3.1 Origin and Scale

e-Mitra (Electronic Mitra — electronic friend) was launched in Rajasthan in 2004 by the Vasundhara Raje government. This made it India's first large-scale CSC (Common Service Centre)-style network at state level, predating the national CSC Scheme (launched 2006).
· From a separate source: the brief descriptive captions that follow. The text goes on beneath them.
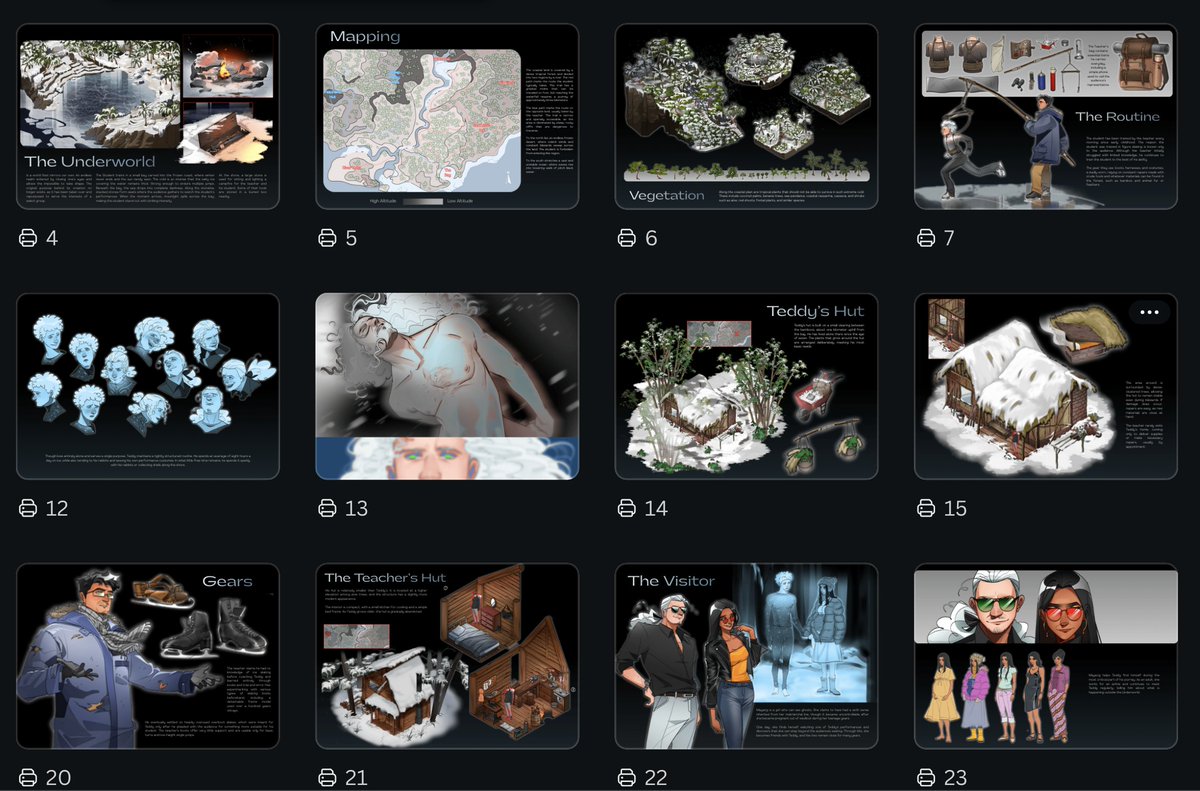 Shakespler's tweet image. hey so...i made an artbook!!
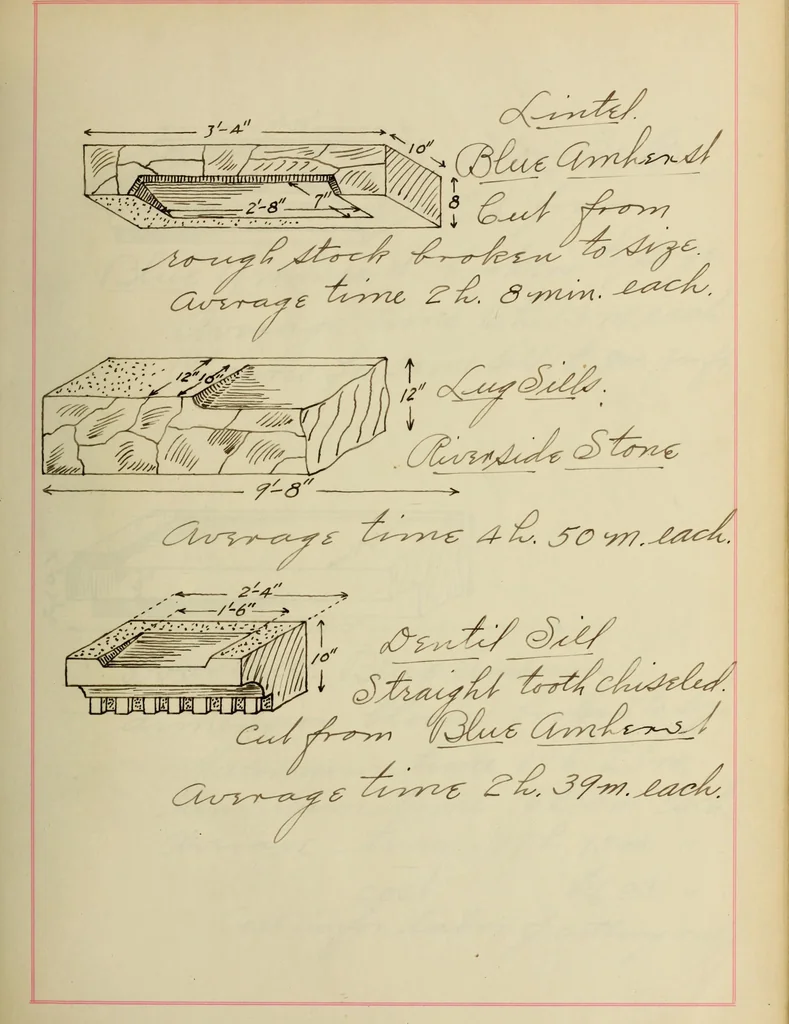 An illustration from Tables for estimating amount and cost of materials and labor for stone, brick and plaster work, 1901, leaf 56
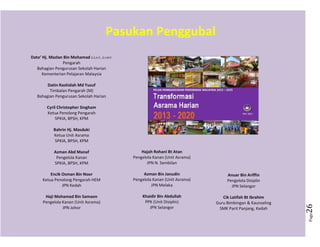 Page26
Pasukan Penggubal
Dato’ Hj. Mazlan Bin Mohamad D.S.A.P., D.I.M.P.
Pengarah
Bahagian Pengurusan Sekolah Harian
Kementerian Pelajaran Malaysia
Datin Rashidah Md Yusuf
Timbalan Pengarah (M)
Bahagian Pengurusan Sekolah Harian
Cyril Christopher Singham
Ketua Penolong Pengarah
SPKIA, BPSH, KPM
Bahrin Hj. Masduki
Ketua Unit Asrama
SPKIA, BPSH, KPM
Azman Abd Manaf
Pengelola Kanan
SPKIA, BPSH, KPM
Encik Osman Bin Noor
Ketua Penolong Pengarah HEM
JPN Kedah
Haji Mohamad Bin Samaon
Pengelola Kanan (Unit Asrama)
JPN Johor
Hajah Rohani Bt Atan
Pengelola Kanan (Unit Asrama)
JPN N. Sembilan
Azman Bin Janudin
Pengelola Kanan (Unit Asrama)
JPN Melaka
Khaidir Bin Abdullah
PPK (Unit Disiplin)
JPN Selangor
Anuar Bin Ariffin
Pengelola Disiplin
JPN Selangor
Cik Latifah Bt Ibrahim
Guru Bimbingan & Kaunseling
SMK Parit Panjang, Kedah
The model was later adapted by the Ministry of Electronics and IT for national Common Service Centres.

Scale (2024):

  • 75,000+ e-Mitra kiosks across Rajasthan (including 50,000+ fixed + 25,000+ mobile)
  • Cover all 50 districts, all 352 blocks, and most Gram Panchayats
  • 1,000+ e-Mitra Plus centres (larger, multi-service hubs) in district headquarters

3.2 Services Offered

e-Mitra provides 500+ G2C (Government-to-Citizen) and B2C (Business-to-Citizen) services:

Category A — Identity and Documentation:

  • Aadhaar enrollment and update
  • Jan Aadhaar enrollment and update
  • Caste certificate, domicile certificate, income certificate
  • Birth and death certificate (linked to Pehchan portal)
  • Voter ID registration
  • PAN card application assistance

Category B — Welfare Scheme Application:

  • Social pension application and status
  • Palanhar Yojana enrollment
  • Scholarship applications (post-matric, Anuprati coaching)
  • MGNREGS job card
  • PMAY-G (housing) application

Category C — Utility and Financial Services:

  • Electricity bill payment (DISCOMS)
  • Water bill payment
  • Property tax payment
  • Insurance premium payment
  • Mobile/DTH recharge

Category D — Education and Health:

  • RSMSSB/RPSC examination form submission
  • NEET/JEE counselling portal assistance
  • Ayushman/MAA Yojana enrollment

3.3 Revenue Model and Sustainability

e-Mitra operates on a franchise model with a self-sustaining revenue structure:

  • Government pays e-Mitra operators a service charge per transaction (₹2–25 per service)
  • Citizens pay a nominal user charge (₹1–50 per service for most certificates)
  • The network is sustainable through transaction volumes — no recurring government infrastructure cost
  • Rural e-Mitras are profitable due to high demand for documentation services in areas without traditional government offices

Rajasthan as CSC pioneer: The e-Mitra model influenced the national Common Service Centre Scheme 2.0. The UIDAI (Aadhaar authority) used e-Mitra kiosks as enrollment points in Rajasthan. DOIT&C's e-Mitra architecture has been studied by other states for replication.